Foreground a vague bit of ground in the twilight, black sand, withered grass, a garden anyway, with a few dismal black apple trunks in it, a small canopy of yellow autumn leaves on them here and there. He made this absolutely entirely of his own accord, but isn’t it a good concept, a real impression, well felt? But one isn’t a painter in a year, nor is that necessary. Only there’s already a good thing running through it, and hope is alive instead of one feeling powerless in front of a wall.

I don’t know how things will go for me from now on. At the moment, when I read about that outstanding devil, that famous La Tour — how real it is, by Jove — and — how well (apart from his terrible avarice) that fellow tackled life and — painting. I’ve only just seen Frans Hals — well now, you know how I was full of it, wrote to you at length about it straightaway, about putting things down in one go. Well, what a similarity there is between the ideas of La Tour &c. and Frans Hals, when they express life in pastel that one could blow away. I don’t know what I’ll do or how things will go for me, but I hope I won’t forget these lessons I’ve been taking recently: in one go, quickly but with absolutely total exertion of everything one may have in the way of spirit and attention.
Nowadays — I like nothing better than working with a brush — drawing with it too — instead of making a design in charcoal. When I ask myself how the old Dutchmen set about it, I come up against the relatively few actual drawings. And how astoundingly they — draw. But — I believe that in most cases they began, they progressed, they ended — with their brush. They — didn’t fill in.

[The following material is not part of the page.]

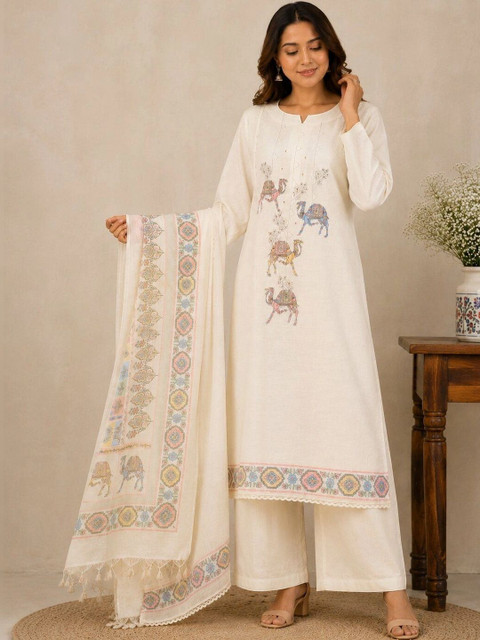THE ASSTAG Printed Pure Cotton Semi-Stitched Dress Material - Image 4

A Van Goyen — for instance — I’ve just seen the one of his in the Dupper Collection, an oak tree on a dune in a storm, and the Cuyp, view of Dordrecht. An astounding technique — but — with nothing and as if of its own accord and beyond the paint and — apparently perfectly simple. But — be it in the figure — be it in landscape — how painters have always striven to convince people that a painting is something other than nature in a mirror, something other than imitation, that’s to say re-creation.
I would like to tell you a lot more about what Chardin, in particular, makes me think about colour — and — not making things the local colour. I think it’s splendid: ‘How to surprise — how to define the substance of this toothless mouth with its infinite subtleties. It’s made with nothing more than a few streaks of yellow and a few sweeping strokes of blue!!!’ When I read this, I thought of – Vermeer of Delft. When one sees it from close to, the townscape in The Hague is incredible, and done with completely different colours from what one would suppose a few steps away.
Regards, I really wanted to tell you right away how good I think De Goncourt’s book.